Unfortunately, I could not find any illustrations to show you just how fantastically the flaps compliment the illustrations and story so I'll just have to describe them. Thomas, Alice, Sam and Nancy each have a box. What is inside each box? A drum, a blanket, a tricycle and more boxes! Five flaps lift to reveal a toy mouse sleeping in a cozy little box. After the boxes are emptied, of course they need to be played with every bit as much as the things that were inside! Imaginations take off and castles, pirate ships and puppet theaters are created - all with flaps to lift. But wait, there's more! If you put all the boxes together you get a special flap that unfolds, like an accordion, to reveal a rocket ship! But wait - there's even more! A four page gatefold reveals one more creation, followed by tired out inventors and creators asleep - in a box, of course!

Source: Review Copy


Also an Octopus or A Little Bit of Nothing by Maggie Tokuda-Hall, illustrated by Benji Davies

Sometimes I will do a cold reading to a class of kids when I want to get a group opinion on a picture book. Occasionally, I will love a picture book that I read in the silence of my own home and it falls flat when I read it out loud to a group of kids. And vice versa. More than once I have not been moved by a picture book only to have the audience go crazy for it. I read Also an Octopus or A Little Bit of Nothing by Maggie Tokuda-Hall, illustrated by the marvelous Benji Davies (author and illustrator of Grandad's Island), out loud without even cracking the spine first, to two classes of kindergarteners and it was a hit - for all of us. Also an Octopus turned out to be a special treat for me because it is a book about story telling and how to tell a story, something dear to my heart. This is especially so since I became the librarian in a school where more than two-thirds of the student body are English language learners, less than two-thirds are reading at grade level and very few have the stamina to read a whole book (that is not a graphic novel). I am constantly talking to my students about story structure, the problem and solving the problem and Also an Octopus perfectly packs this lesson into a brilliantly and brightly illustrated picture book that is so fun to read.
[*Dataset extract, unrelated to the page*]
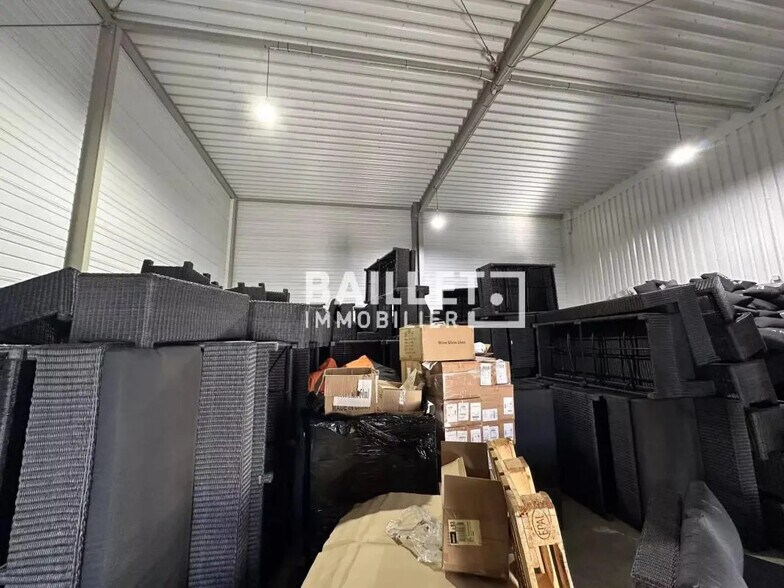 Industrial in Fréjus for lease - Interior Photo - Image 2 of 11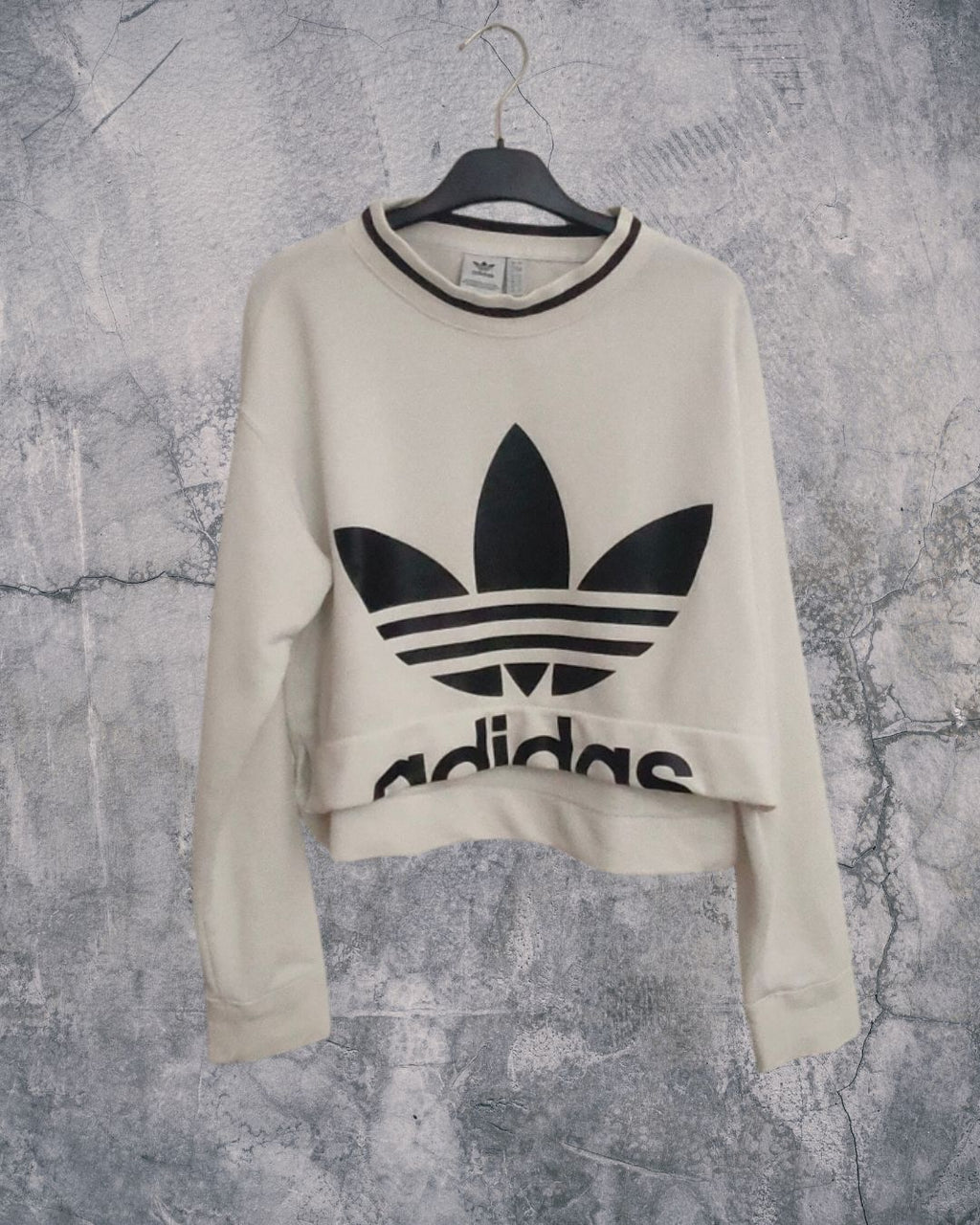 Felpa Adidas bianca cropped con logo Trefoil – Taglia 36 (S)  EURO 15,00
 I was especially excited to learn that debut author Maggie Tokuda-Hall, a former children's bookseller and event coordinator at a well loved, independent San Francisco bookstore, was inspired to write Also an Octopus after repeated readings (out loud, for work) of Jon Klassen's I Want My Hat Back. When she asked herself, "Why is this book so good?" the answer she realized that it is the "perfect basic story, stripped down to the bare parts: Bear, quite simply, wants his hat back." This led Tokuda-Hall to begin writing a story about an octopus who wants to travel to far away galaxies but first, she realized, "Every story starts the same way . . . with nothing."

Moving on from nothing, every story needs a character. How about an octopus who plays the ukulele? But, Tokua-Hall tells readers, "in order for it to be a story, and not just an octopus, that octopus needs to want something." Thus, the problem is identified and the main character can spend the rest of the story solving the problem! As you can see from Davies's wonderfully bright illustrations that pop with purples, yellows and oranges, there are many ways to solve this problem. Tokuda-Hall, who said she felt like she "won the illustrator lottery" when she was paired with Davies, felt that Davies not only shared her vision for this story but "made it so much better and cooler" with the strong sense of story that his illustrations embody. I couldn't agree more! The words and pictures are perfectly paired in Also an Octopus, with Davies's artwork bringing the crazy world embodied in the text to life.

Whether you are looking for a spectacularly illustrated picture book that is a delight to read out loud (or to yourself) or a tool to teach story structure and story telling to kids (or adults), Also an Octopus or A Little Bit of Nothing is a MUST.